Start of Dataset

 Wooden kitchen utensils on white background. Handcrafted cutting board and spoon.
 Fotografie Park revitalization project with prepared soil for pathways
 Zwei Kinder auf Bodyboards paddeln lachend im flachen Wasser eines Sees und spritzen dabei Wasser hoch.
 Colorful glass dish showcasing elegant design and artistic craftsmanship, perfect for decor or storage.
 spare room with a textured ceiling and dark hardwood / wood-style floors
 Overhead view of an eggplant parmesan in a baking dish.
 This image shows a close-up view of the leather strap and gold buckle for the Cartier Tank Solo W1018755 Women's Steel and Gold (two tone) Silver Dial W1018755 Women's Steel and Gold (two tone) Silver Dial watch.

End of Dataset
Start of Dataset

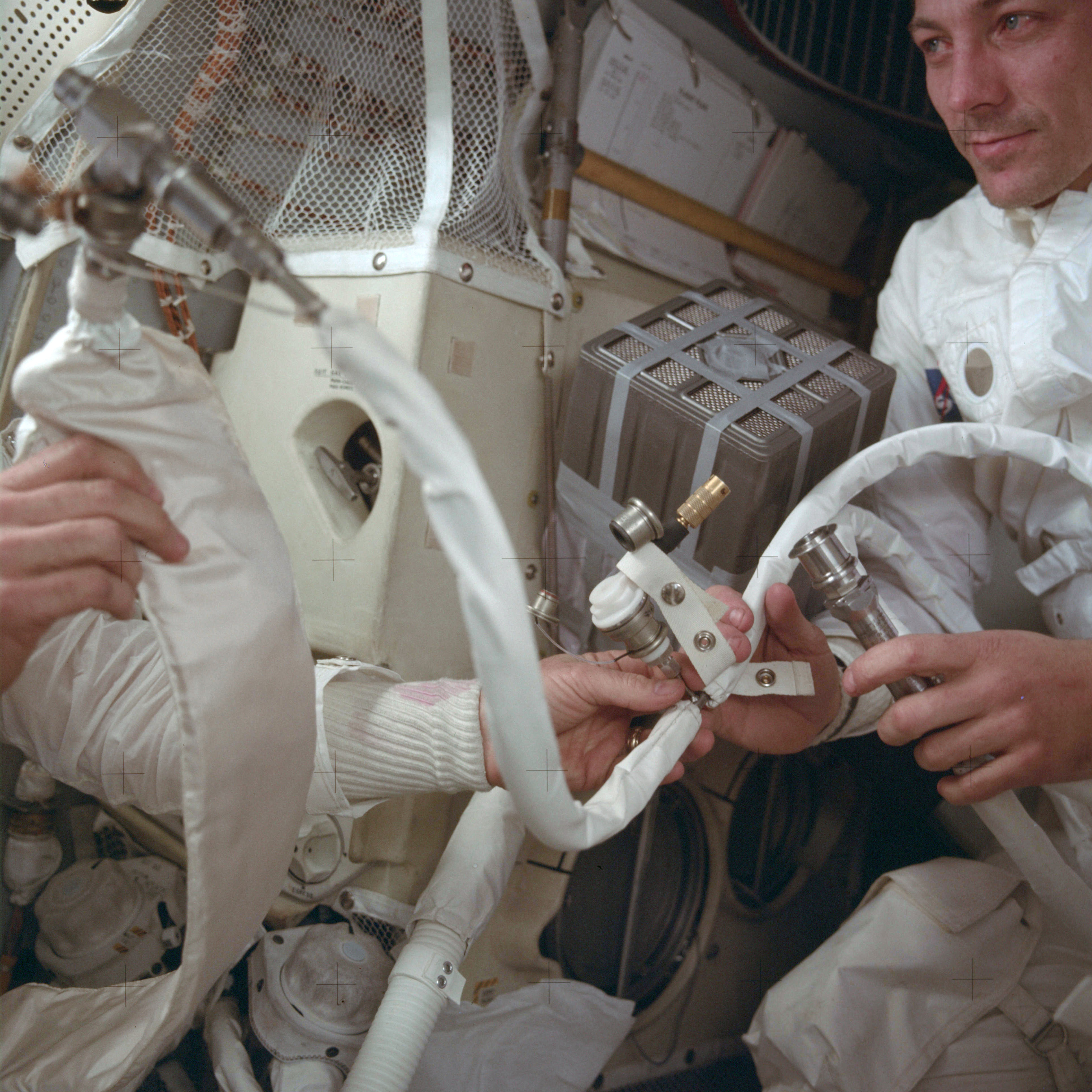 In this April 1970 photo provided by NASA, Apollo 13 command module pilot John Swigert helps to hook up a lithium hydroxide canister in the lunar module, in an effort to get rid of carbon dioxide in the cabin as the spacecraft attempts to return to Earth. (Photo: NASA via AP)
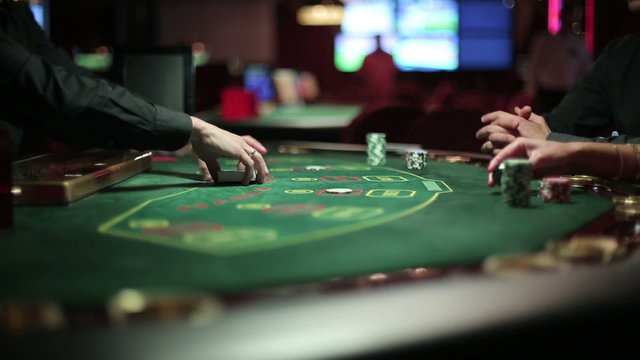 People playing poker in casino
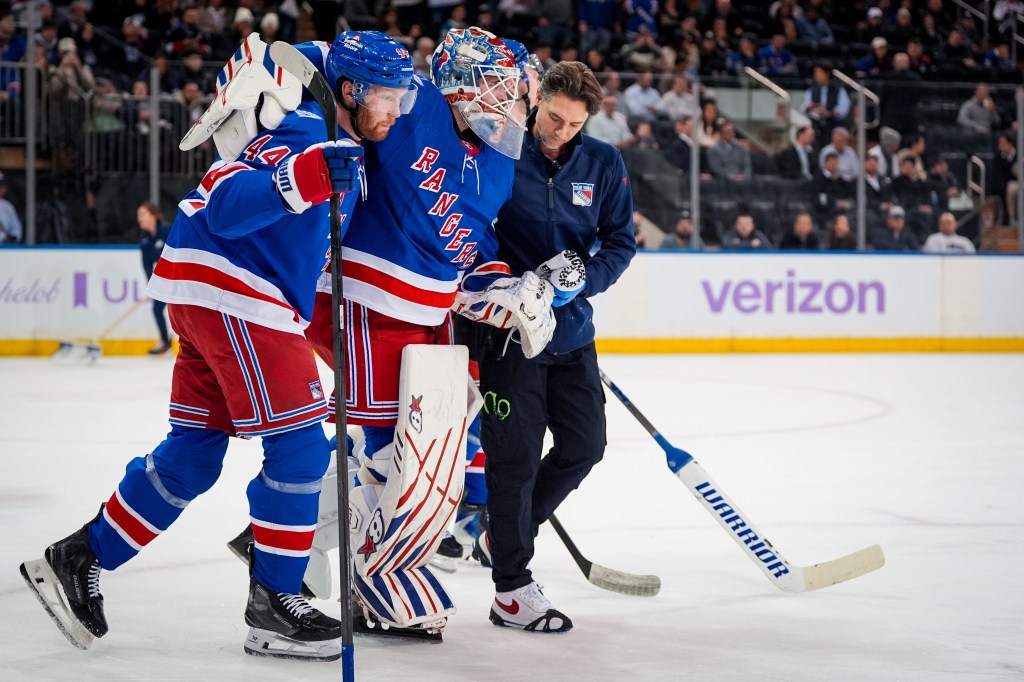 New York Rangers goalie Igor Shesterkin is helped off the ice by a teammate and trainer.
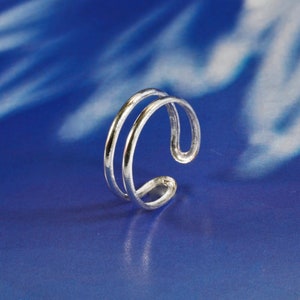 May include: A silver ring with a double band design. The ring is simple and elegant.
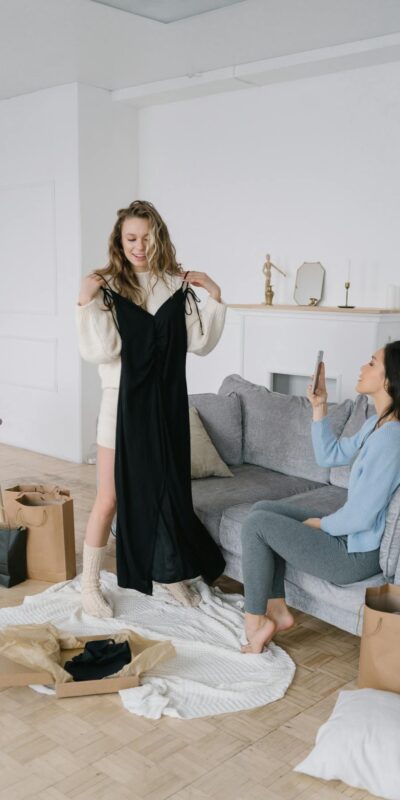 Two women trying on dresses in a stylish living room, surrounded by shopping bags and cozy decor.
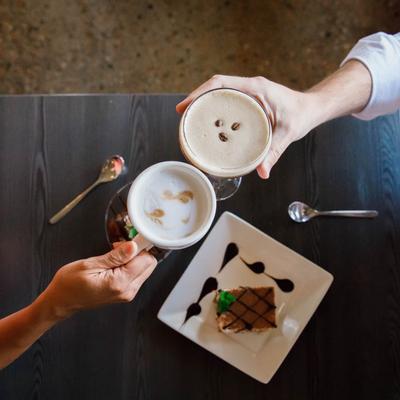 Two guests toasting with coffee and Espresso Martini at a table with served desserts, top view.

End of Dataset

Your instructions
Take the entries above and copy exactly the lines starting at the one with "May include: A" and ending at the one with "Two guests toasting"; nothing outside that span, and no pictures.

Answer space
 May include: A silver ring with a double band design. The ring is simple and elegant.
 Two women trying on dresses in a stylish living room, surrounded by shopping bags and cozy decor.
 Two guests toasting with coffee and Espresso Martini at a table with served desserts, top view.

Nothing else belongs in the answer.